Some left wing academics make the mistake of thinking “class consciousness” is merely the awareness of our being in this situation. An example of this mistake is this passage from John Holloway:
“We do not struggle as working class, we struggle against being working class…There is nothing good about…being ordered, commanded, separated from [control over] our product and process of production. Struggle arises not from the fact that we are working class but from the fact…we exist against and beyond being working class….In this sense working class identity is not something good…but…something to be fought against…The working class cannot emancipate itself in so far as it is working class. It is only in so far as we are not working class that the question of emancipation can even be posed…” (quoted approvingly by Chris Carlsson in “Nowtopia”)
Holloway shows here he doesn’t understand either the working class situation or “class consciousness.” The working class are hired by the firms because they have the capacities, skills to make the products. The situation of subordination and exploitation leads directly to worker resistance. Workers band together, form organizing committees, form unions and engage in on the job actions and strikes. They also engage in protest actions at times in the streets — loot supermarkets, demonstrate, resist the cops. To the extent unions and strike actions and collective resistance at work are successful, workers gain some sense of power or leverage they have due to the fact they are necessary to the production process. Through building organizations and struggles they also develop an understanding of the need for mutual support — for solidarity. Solidarity isn’t just based on compassion for the person who is in struggle but also is based on the understanding of being in a similar situation, and you might need their solidarity at some point. As this kind of consciousness develops, it helps in getting people to support others who may be different than them in some way — a different immigrant status, different “racial” experience, different gender.
“Class consiousness” thus is understood traditionally by socialists as a kind of disposition in the working class, the tendency to be willing to get together with others to resist bosses or the powers-that-be, the tendency to support other working class people in struggle. This disposition waxes and wanes over time. In periods when resistance and mass actions are at low ebb, this tendency diminishes. If people don’t see others supporting each other in things like strikes, people will tend to think “I’m on my own.” During periods when struggle is in full flood and widespread, with strikes occuring all over, thinking will tend to change, as people will be more aware of this potential power available to them.
Thus class formation is the protracted process where class consciousness grows as the working class increasingly “forms” itself into a more united social force, through the building of unions, strikes and other mass actions, overcoming of internal divisions in the working class such as on lines of gender or race, more actual links as working class-based organizations come together into coalitions or a united front. A study of working class history in USA shows this process of class formation building from the early 1900s into the 1930s, with the massive strike waves and union formaton in that era as an expression of class formation advancing.

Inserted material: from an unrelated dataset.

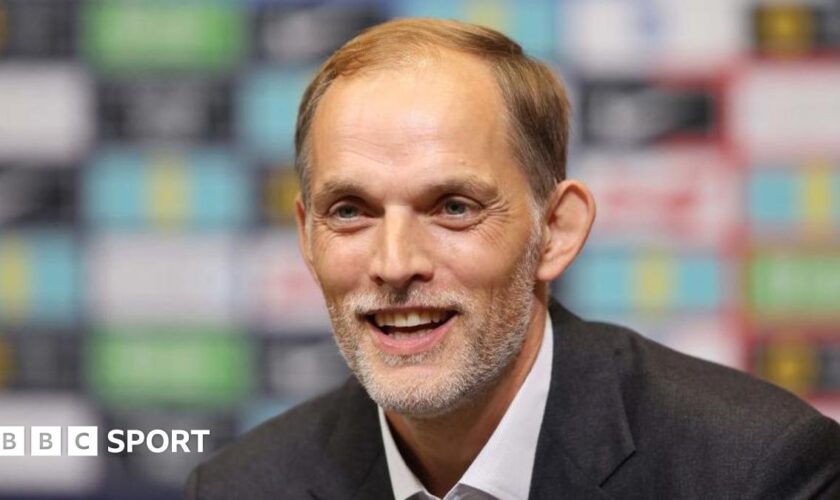 Thomas Tuchel during an England news conference in October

Just as class formation can happen, a process of class DE-formation can happen. This process began with the bureaucratization of unions after World War 2 and the domination of bureaucratic layers in unions and parties, and the more limited challenge to capital. Eventually this led to a collapse of unionism in the neo-liberal era, from late 1970s on, and a collapse of strike resistance by workers. This was then reflected in declining “class consciousness” — a change in the general disposition to solidarity and resistance action in the working class that I described above.
The “autonomists” since the 1990s have tried to substitute the phrase “class composition” for class formation and “class decomposition” for de-formation. But I think this is not helpful because “class composition” is ambiguous. We can speak of the composition of the American working class in terms of the various groups present in workplaces — for example increasing presenceof black and Latino workers and women in manufacturing and transportation industries. This is a different concept than class formation. They are related concepts because the challenge to building unity, unions and collective actions changes as the composition of the workforce changes. Unionism and working class movement building has to reflect, arise out of, the grievances of the actual people, which will vary among different groups of people.

Now, back to John Holloway. Why is Holloway wrong? He’s wrong because “working class consciousness” is not just awareness of being subordinate to bosses, or of having to get managers to hire you; it’s also about the need for resistance and solidarity AGAINST the power of the employers and managers. Holloway says there is no pride in being dominated. But workers do actually take pride in their abilities, and in accomplishing things in the work they do. My blue collar working class family taught me that it was necessary to learn skills, so you can make a social contribution in some way. And many of the types of work people do are socially necessary.

If the working class ran the industries, we’d want to run them differently than the capitalists do, create different technologies, provide more social support to people and more defense of the ecological commons.But we’d still be running them, doing the work, and the abilities working class have will be developed and put to use in a more socially advantageous way.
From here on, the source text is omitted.